By planning ahead and prepping your meals, you can save a lot of money. There’s an upfront cost that may throw off this month’s budget a bit, but you’ll save a fair amount next month. On top of eating healthier, you won’t find yourself going to the fast-food joints or restaurants as much. You can take the frozen dinner out of the freezer, put it in the fridge the night before or that morning and have a ready-made dinner that night. 

If you prefer to have things fresher, another option would be to prep the meat in marinade before freezing. We did this on Monday with five meals. I made up the sauces, marinades, and mixed spices ahead of time. I put the uncooked meat in with the sauce and popped them in the freezer. That way, when we need that dinner, all we have to do is defrost it and put it in the oven. Then I just need to prep the sides to go with it. But having the veggies already chopped up, it’ll only take me about ten-twenty minutes to make some rice, pasta, or potatoes. I’ll set the timer and only have to check on them every now and again rather than having to stand in the kitchen for thirty minutes or more making everything else. 

Keep your restaurant and fast food treats for a night on the weekend. Your body will thank you for making healthier choices and your wallet will thank you for not spending as much on pre-packaged dinners and take out. 

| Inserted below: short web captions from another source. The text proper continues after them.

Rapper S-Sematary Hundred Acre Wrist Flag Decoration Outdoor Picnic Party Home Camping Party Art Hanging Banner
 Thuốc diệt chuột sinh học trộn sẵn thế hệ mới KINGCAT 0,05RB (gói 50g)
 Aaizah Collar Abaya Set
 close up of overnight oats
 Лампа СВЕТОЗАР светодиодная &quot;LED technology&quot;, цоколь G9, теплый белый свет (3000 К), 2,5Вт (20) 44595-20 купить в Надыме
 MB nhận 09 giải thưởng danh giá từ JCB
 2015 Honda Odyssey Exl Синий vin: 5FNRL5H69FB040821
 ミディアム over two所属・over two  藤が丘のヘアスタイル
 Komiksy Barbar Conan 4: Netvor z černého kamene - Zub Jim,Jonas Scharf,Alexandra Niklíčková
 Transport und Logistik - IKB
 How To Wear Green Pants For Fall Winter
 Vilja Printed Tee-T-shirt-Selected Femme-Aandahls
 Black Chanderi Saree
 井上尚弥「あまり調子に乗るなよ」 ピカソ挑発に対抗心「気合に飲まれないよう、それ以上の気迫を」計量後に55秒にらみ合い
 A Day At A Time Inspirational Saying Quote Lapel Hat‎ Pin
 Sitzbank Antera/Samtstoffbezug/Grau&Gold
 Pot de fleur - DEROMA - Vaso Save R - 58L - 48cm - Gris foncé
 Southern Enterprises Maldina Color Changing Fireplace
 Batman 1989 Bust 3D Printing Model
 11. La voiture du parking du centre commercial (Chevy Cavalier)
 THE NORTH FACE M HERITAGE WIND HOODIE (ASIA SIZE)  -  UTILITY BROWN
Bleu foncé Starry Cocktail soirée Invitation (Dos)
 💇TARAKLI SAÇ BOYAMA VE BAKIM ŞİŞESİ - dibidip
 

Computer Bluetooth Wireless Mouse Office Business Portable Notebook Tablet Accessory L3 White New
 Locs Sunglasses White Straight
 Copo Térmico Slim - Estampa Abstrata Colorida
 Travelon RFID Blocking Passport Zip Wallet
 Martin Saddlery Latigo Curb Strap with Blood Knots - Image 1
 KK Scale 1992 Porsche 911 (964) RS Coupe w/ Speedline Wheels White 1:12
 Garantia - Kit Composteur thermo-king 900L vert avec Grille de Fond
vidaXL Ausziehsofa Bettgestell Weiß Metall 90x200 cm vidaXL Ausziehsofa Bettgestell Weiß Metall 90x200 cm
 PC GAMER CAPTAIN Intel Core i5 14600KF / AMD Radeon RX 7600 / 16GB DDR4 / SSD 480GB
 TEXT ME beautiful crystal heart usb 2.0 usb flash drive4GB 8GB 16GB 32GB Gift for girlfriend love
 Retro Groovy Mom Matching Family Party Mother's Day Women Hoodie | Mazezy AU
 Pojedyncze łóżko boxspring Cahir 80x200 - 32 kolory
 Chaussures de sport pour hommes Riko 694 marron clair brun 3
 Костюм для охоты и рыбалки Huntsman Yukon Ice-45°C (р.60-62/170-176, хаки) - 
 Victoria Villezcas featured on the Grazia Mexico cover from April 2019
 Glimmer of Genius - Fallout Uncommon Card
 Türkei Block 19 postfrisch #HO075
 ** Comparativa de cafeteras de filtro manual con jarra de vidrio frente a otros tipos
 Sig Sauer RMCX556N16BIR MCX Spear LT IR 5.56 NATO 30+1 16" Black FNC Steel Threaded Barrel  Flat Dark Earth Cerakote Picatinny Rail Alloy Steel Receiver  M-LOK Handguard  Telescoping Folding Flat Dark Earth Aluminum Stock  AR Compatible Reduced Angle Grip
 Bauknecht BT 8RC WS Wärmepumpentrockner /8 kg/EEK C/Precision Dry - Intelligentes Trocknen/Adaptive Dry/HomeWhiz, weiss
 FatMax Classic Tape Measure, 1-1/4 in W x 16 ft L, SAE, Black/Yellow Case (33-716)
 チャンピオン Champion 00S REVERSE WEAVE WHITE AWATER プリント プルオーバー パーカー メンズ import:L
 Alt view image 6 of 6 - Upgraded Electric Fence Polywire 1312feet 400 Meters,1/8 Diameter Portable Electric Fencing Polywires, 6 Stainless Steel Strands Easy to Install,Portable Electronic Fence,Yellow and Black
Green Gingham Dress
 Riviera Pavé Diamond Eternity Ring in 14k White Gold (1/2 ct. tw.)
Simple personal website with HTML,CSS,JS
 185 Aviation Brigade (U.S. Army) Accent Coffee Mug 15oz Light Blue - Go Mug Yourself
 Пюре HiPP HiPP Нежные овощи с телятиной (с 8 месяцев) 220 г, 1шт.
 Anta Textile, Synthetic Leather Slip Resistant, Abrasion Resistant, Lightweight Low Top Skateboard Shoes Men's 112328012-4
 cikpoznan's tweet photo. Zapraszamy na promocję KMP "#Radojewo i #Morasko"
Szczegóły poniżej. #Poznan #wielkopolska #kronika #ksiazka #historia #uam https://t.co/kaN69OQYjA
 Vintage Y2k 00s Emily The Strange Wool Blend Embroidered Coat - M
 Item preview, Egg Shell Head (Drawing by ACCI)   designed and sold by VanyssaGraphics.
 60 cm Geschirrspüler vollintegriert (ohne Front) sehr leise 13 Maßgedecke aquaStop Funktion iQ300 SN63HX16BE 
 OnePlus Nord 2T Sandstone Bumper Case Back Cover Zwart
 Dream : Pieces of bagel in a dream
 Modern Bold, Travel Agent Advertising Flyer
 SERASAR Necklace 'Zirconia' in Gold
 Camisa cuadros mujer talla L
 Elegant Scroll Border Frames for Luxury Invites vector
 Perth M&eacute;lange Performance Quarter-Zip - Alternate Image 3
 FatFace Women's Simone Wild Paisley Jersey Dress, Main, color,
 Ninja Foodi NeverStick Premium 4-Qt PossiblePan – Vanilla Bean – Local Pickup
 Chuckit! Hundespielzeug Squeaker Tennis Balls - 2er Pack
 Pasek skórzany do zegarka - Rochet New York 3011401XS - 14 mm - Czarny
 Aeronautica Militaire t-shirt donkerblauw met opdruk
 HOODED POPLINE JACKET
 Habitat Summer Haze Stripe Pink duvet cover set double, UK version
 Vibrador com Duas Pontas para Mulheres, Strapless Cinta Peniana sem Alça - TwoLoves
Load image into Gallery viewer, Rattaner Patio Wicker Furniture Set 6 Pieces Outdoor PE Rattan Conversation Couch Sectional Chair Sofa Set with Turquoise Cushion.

If you make your own meals based on healthy ingredients, it’ll average $2-$6 per person per meal. If you get take out, that could add up to $10-$20 per person. There’s a significant difference in price point if you actually flush out the cost of everything. 

Try it out and let us know if you have any success. Remember, a couple hours of prepping will save you hours of making meals down the road. Planning ahead for our time is as important as planning ahead for our money. They all go hand-in-hand.